▶ Caption-style text data
*** Begin section ***
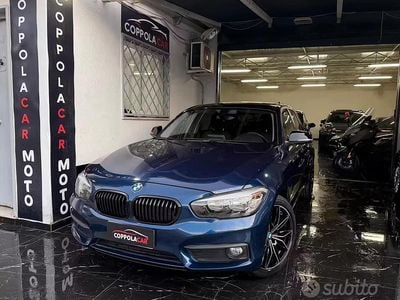 Begagnad BMW 118 Sport Line 116 HK (85 kW) 2019 Blå Halvkombi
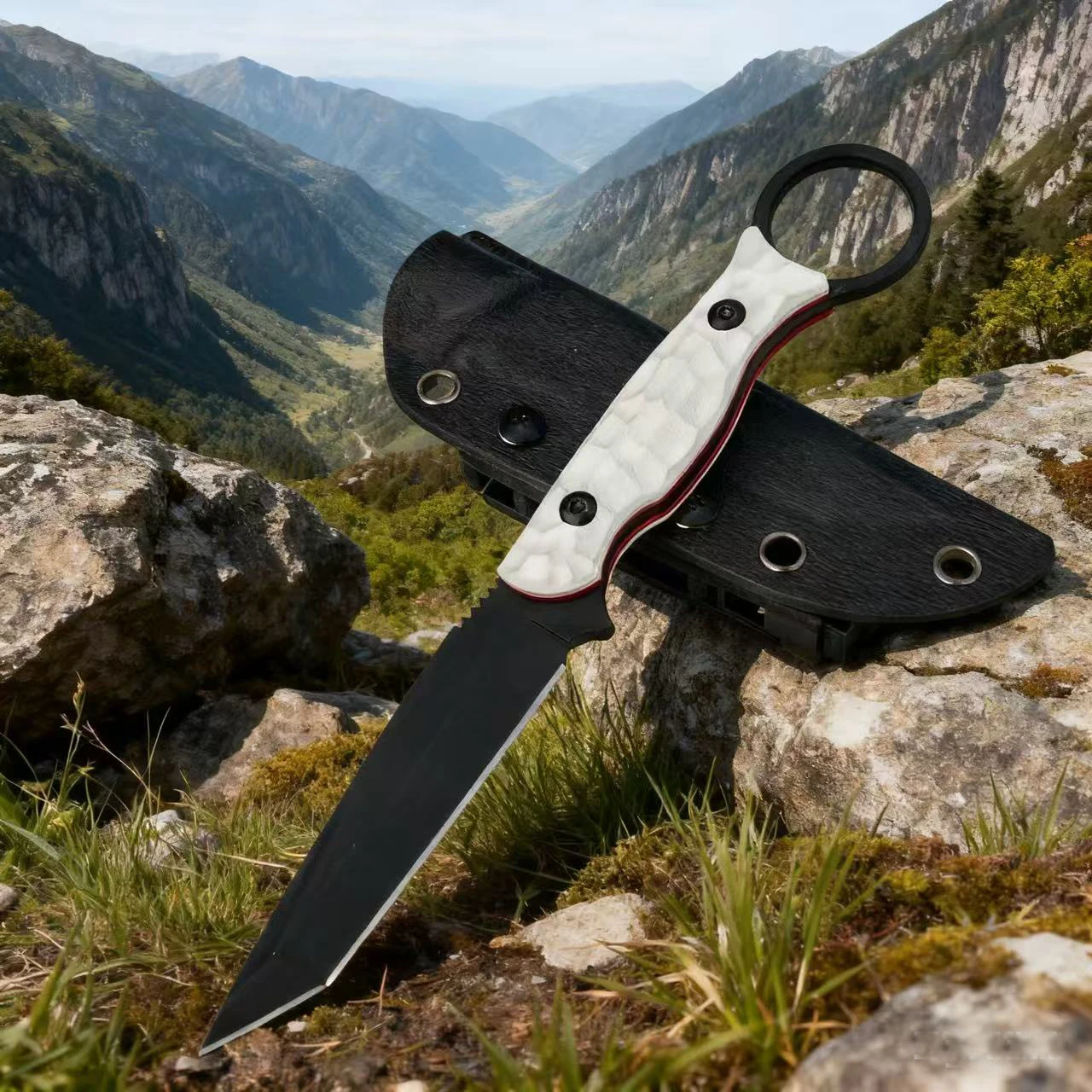 fixed Straight Knife Durable 8Cr13Mov Steel Blade G10 handle Outdoor Camping Hiking Survival Knife EDC Escape Tool
fixed Straight Knife Durable 8Cr13Mov Steel Blade G10 handle Outdoor Camping Hiking Survival Knife EDC Escape Tool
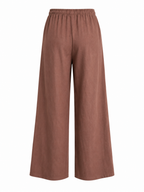 Wide linen pants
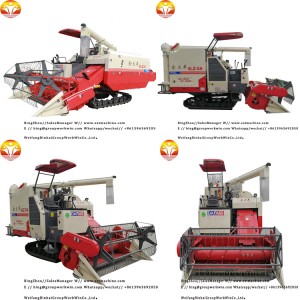 2019 New Type Rice Combine Harvester with Best Price for Sale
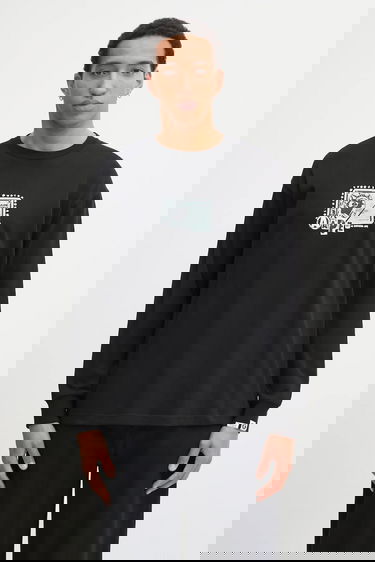 Tričko AAPE by A Bathing Ape Theme Main Stamp Graphic Long Sleeve T-Shirt Čierna | AAPLTM1752XXP, 0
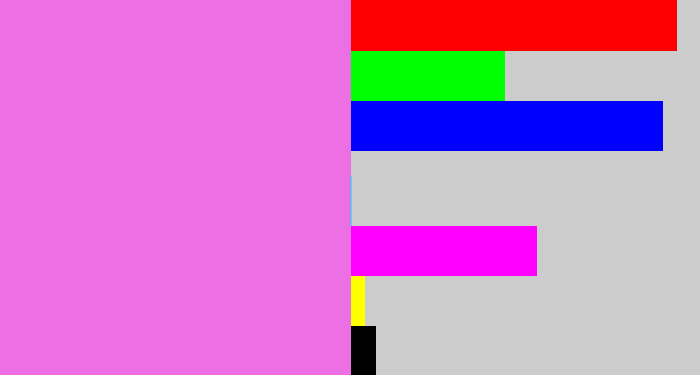 Hex color #ec6fe3 - purply pink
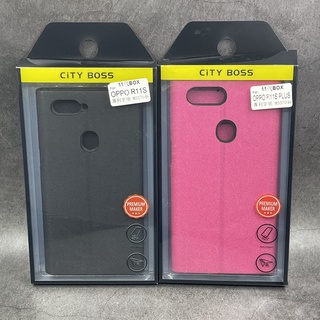 City Boss OPPO R11s Plus 11代BOX 隱扣側掀皮套 行動電源造型 磨砂 保護套 隱藏磁扣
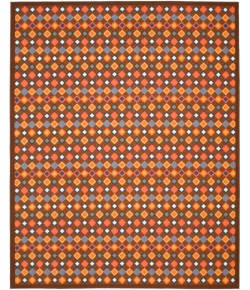 Safavieh Metropolis Brown / Multi MTP529 4 ft. 7 in. X 6 ft. 6 in. Rectangle Rug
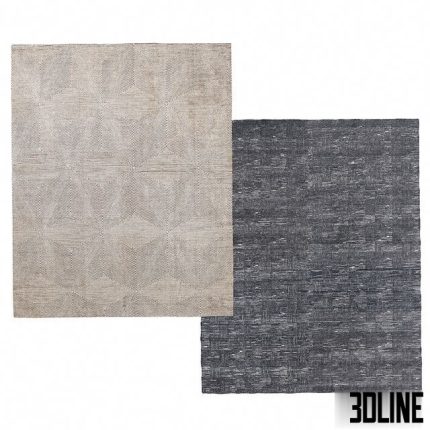 Carpet Mosaic Hand-Knotted Silk by Restoration Hardware 0(3dline.net)
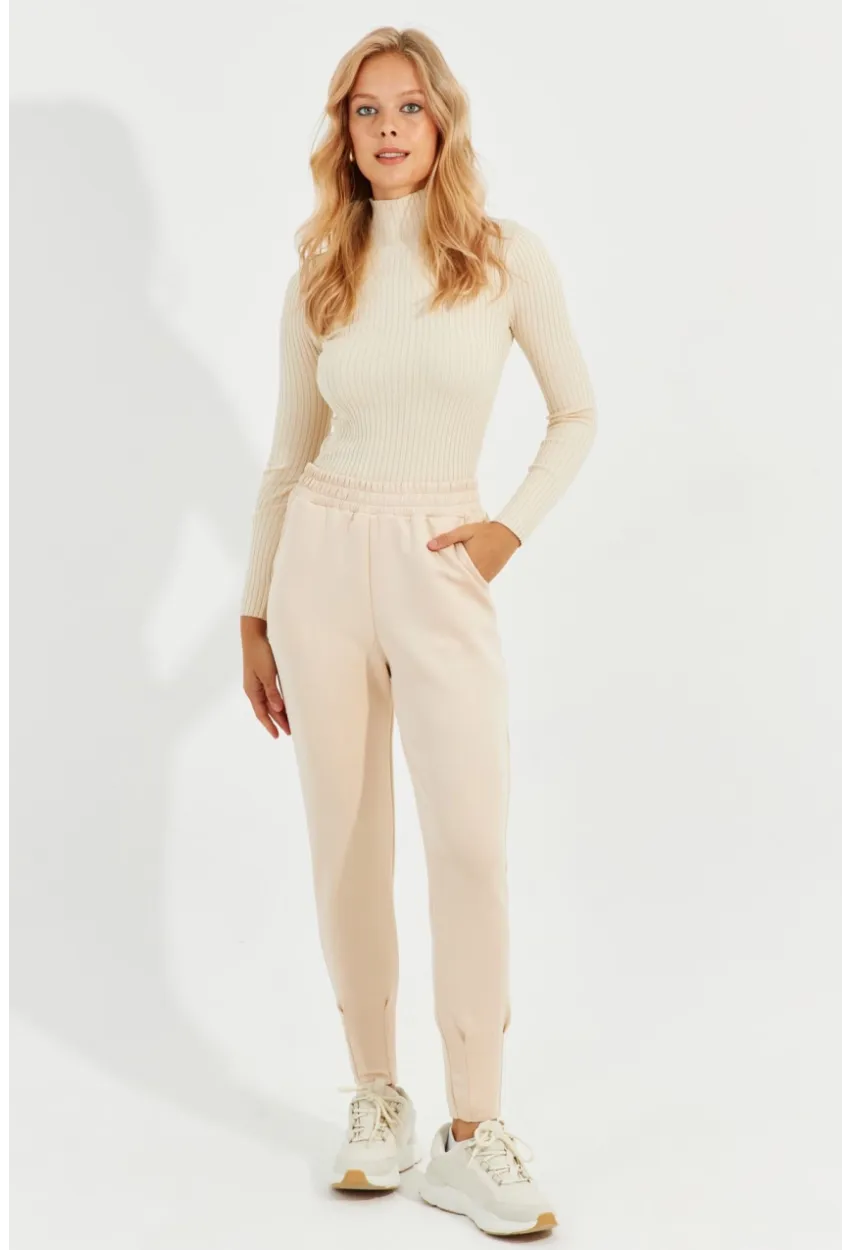 Kadın Vanilya Skuba Cepli Eşofman Altı MİW77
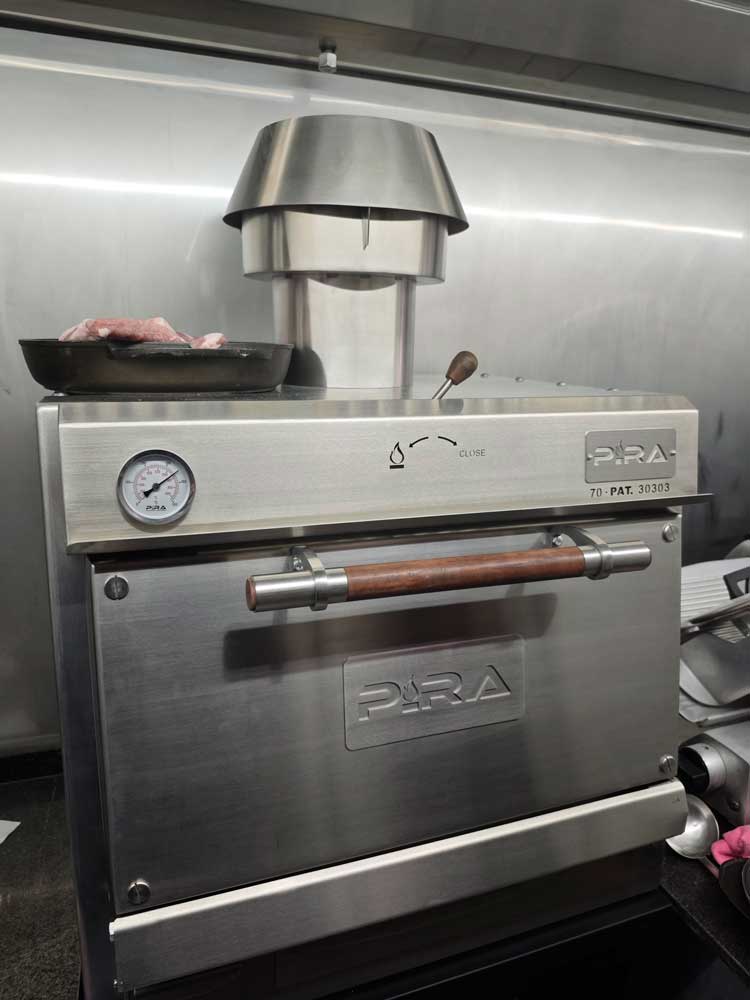 Pira 70 Silver SD Charcoal Oven - 450.106
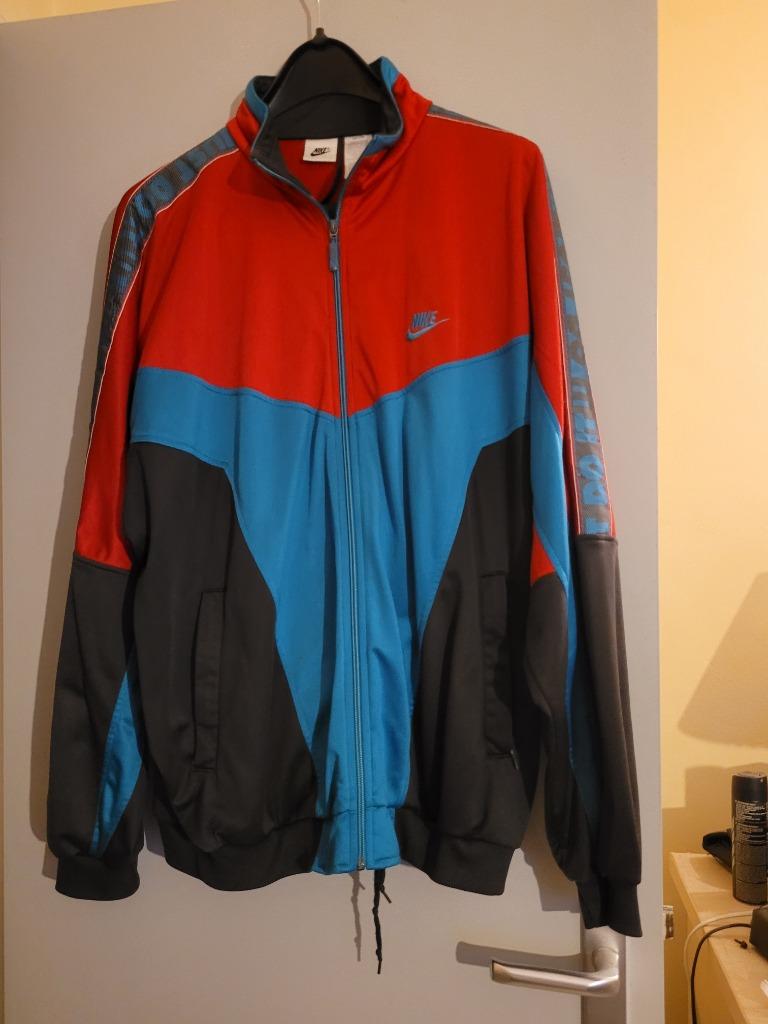 Vintage Nike Trainingsmaat XL uit de jaren 90, Blauw, Nike, Maat 56/58 (XL), Ophalen of Verzenden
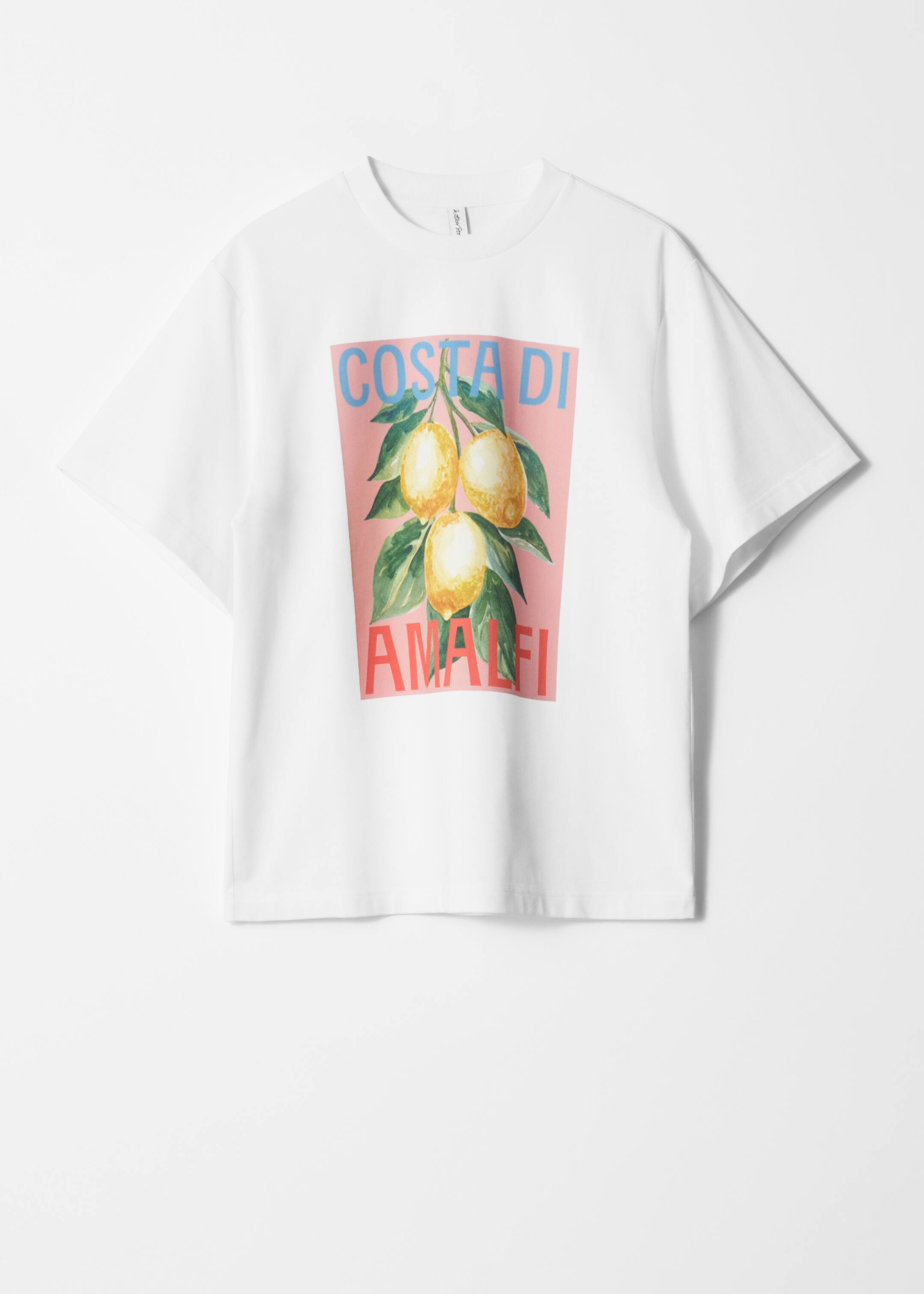 Ver imagem maior: T-Shirt com estampado oversized - Estampado branco - SENHORA | H&M PT 6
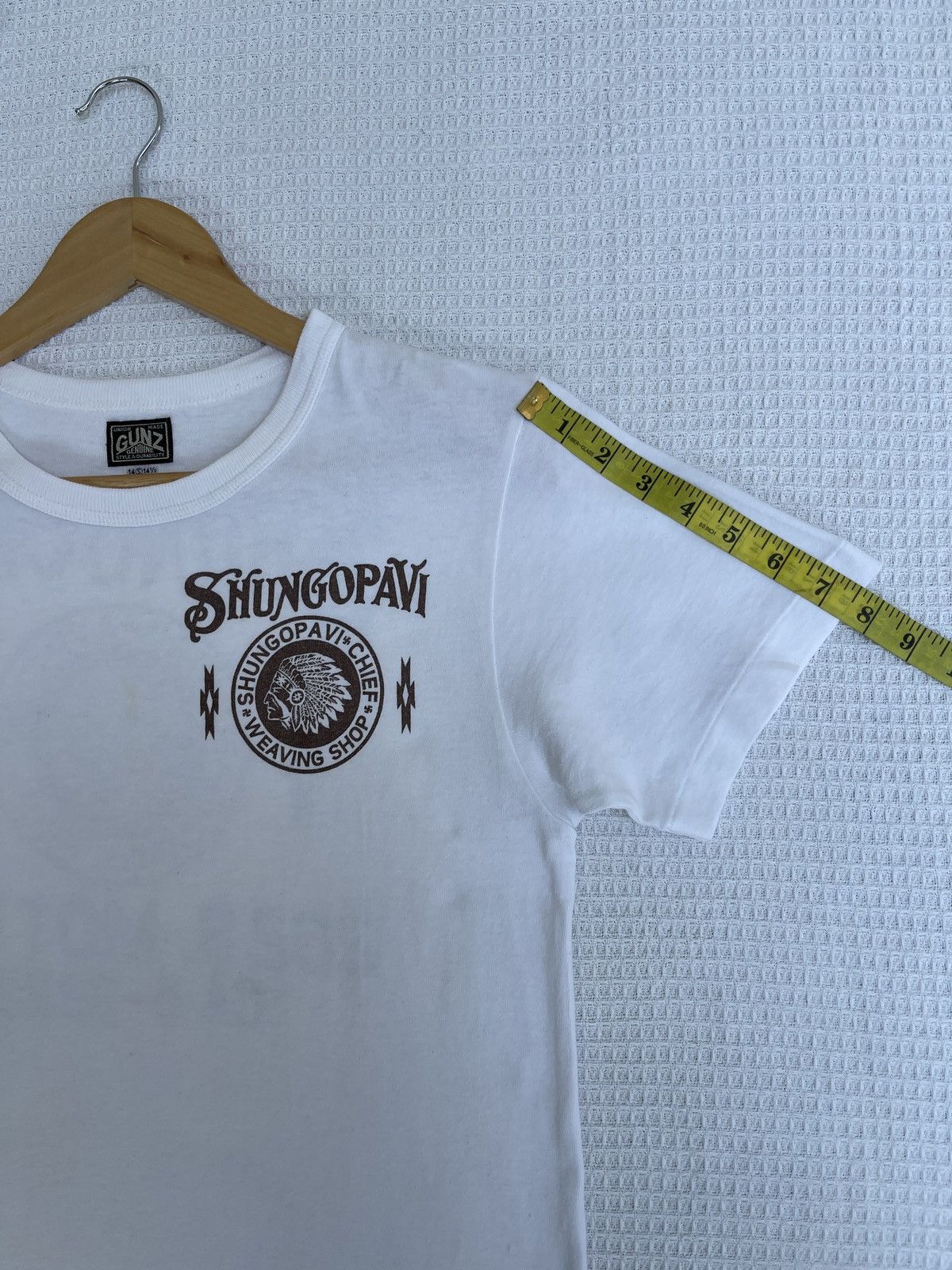 Native Last drop🔥Vtg Union Made Gunz Genuine Native Navajo T-Shirt Size US S / EU 44-46 / 1 - 10 Thumbnail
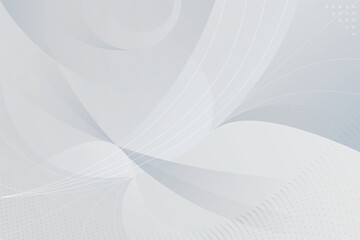 Poster - Abstract white background with flowing lines and subtle light effects isolated on transparent background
*** End section ***
▶ PROBLEM REQUIREMENTS
Every line from the one holding "Native Last drop🔥Vtg" through the final line of the data above is to be reproduced exactly, both ends included, with the pictures left out.

▶ OUTPUT FOR THIS TASK
 Native Last drop🔥Vtg Union Made Gunz Genuine Native Navajo T-Shirt Size US S / EU 44-46 / 1 - 10 Thumbnail
 Poster - Abstract white background with flowing lines and subtle light effects isolated on transparent background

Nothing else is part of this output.